Cv = (R / (5/3 - 1)) = (3R / 2)
Therefore, we have:
(3R / 2) = (R / (γ - 1))
Solving for γ, we find:
(3/2) = (1 / (γ - 1)) -----> γ - 1 = 2/3 -----> γ = 5/3
Now, we can use the relationship between temperatures during isothermal expansion:
T2 / T1 = (V1 / V2)
Substituting the known values:
T2 / T1 = (V1 / 2V1) = 1/2
Therefore, T2 = (1/2)T1
Next, let's calculate the final temperature after the adiabatic expansion. During adiabatic expansion, the ratio of pressure to volume raised to the power of γ should remain constant:
P2V2^γ = P3V3^γ
Since the volume ratio is given as 5.7 (V3 / V2 = 5.7), we can use this information to solve for P3:
(P2 / P3) = (V3 / V2)^γ = (5.7)^γ
Now, we can use the work done during the adiabatic expansion to find P2:
W_ad = (Cv / (γ - 1)) * (T3 - T2)
Since the work output is given as 9 x 10^5 J and Cv = (3R / 2), we have:
9 x 10^5 J = ((3R / 2) / (γ - 1)) * (T3 - T2)

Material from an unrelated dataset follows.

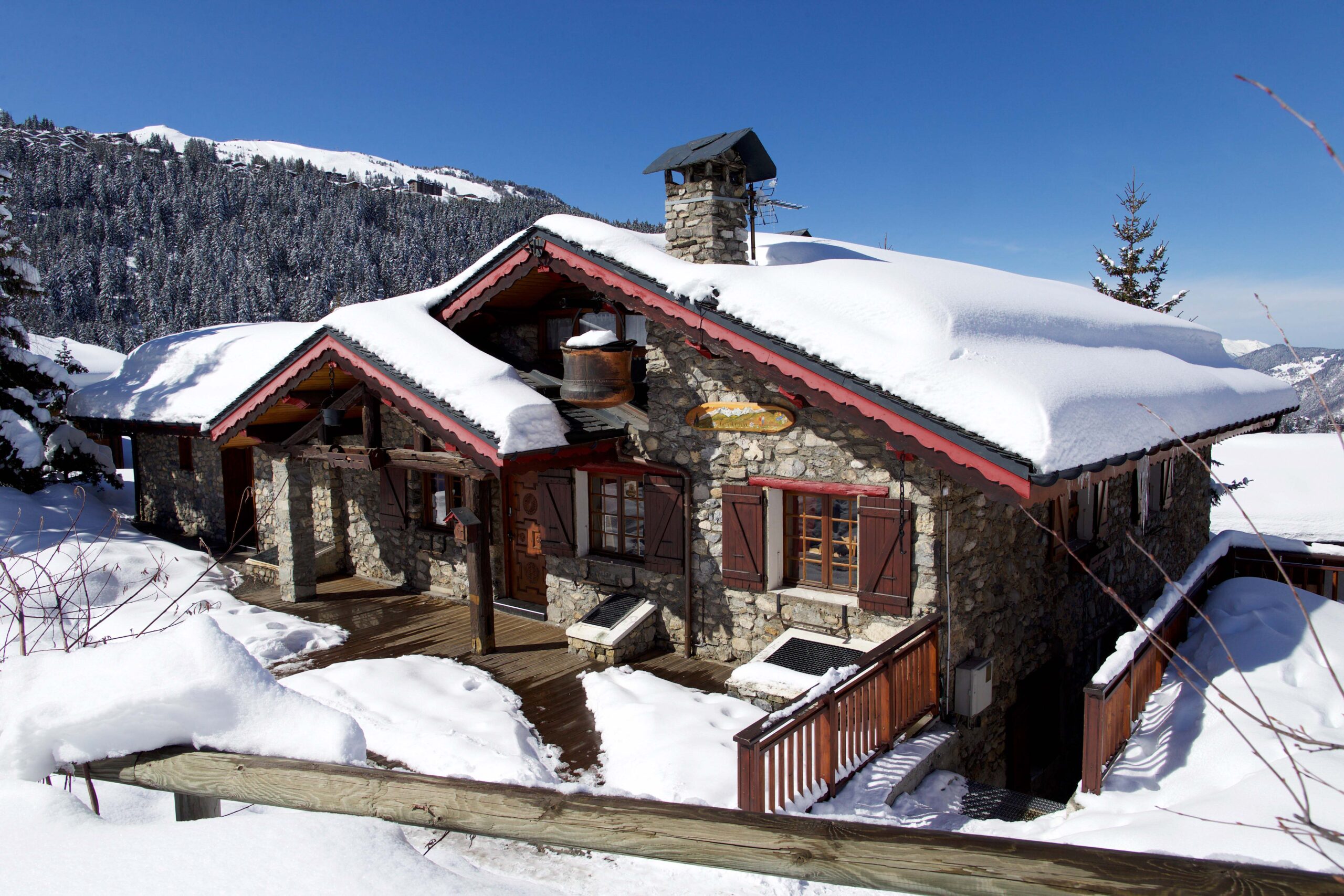a chalet with its roof covered in snow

Substituting γ = 5/3 and T2 = (1/2)T1, we can simplify the equation:
9 x 10^5 J = ((3R / 2) / (5/3 - 1)) * (T3 - (1/2)T1)
Simplifying further, we get:
9 x 10^5 J = (3R / (2/3)) * (T3 - (1/2)T1)
9 x 10^5 J = (9R / 2) * (T3 - (1/2)T1)
Now, we can rearrange the equation to solve for T3 - (1/2)T1:
T3 - (1/2)T1 = (9 x 10^5 J / (9R / 2)) = (2 x 10^5 J) / (R / 2) = 4 x 10^5 J * (2 / R) = 8 x 10^5 J / R
Finally, we can substitute T2 = (1/2)T1 and T3 - (1/2)T1 = 8 x 10^5 J / R into the equation:
T2 / T1 = (V1 / V2) -----> (1/2)T1 / T1 = (V1 / 2V1)
This simplifies to:
1/2 = 1/2
Since this equation is true, we can conclude that the temperature ratio is satisfied. This means that the temperature of the reservoirs between which the engine operates is:
T1 / T3 = 1/2
Therefore, the temperature of the reservoirs is in the ratio 1:2, with T1 being the lower temperature reservoir.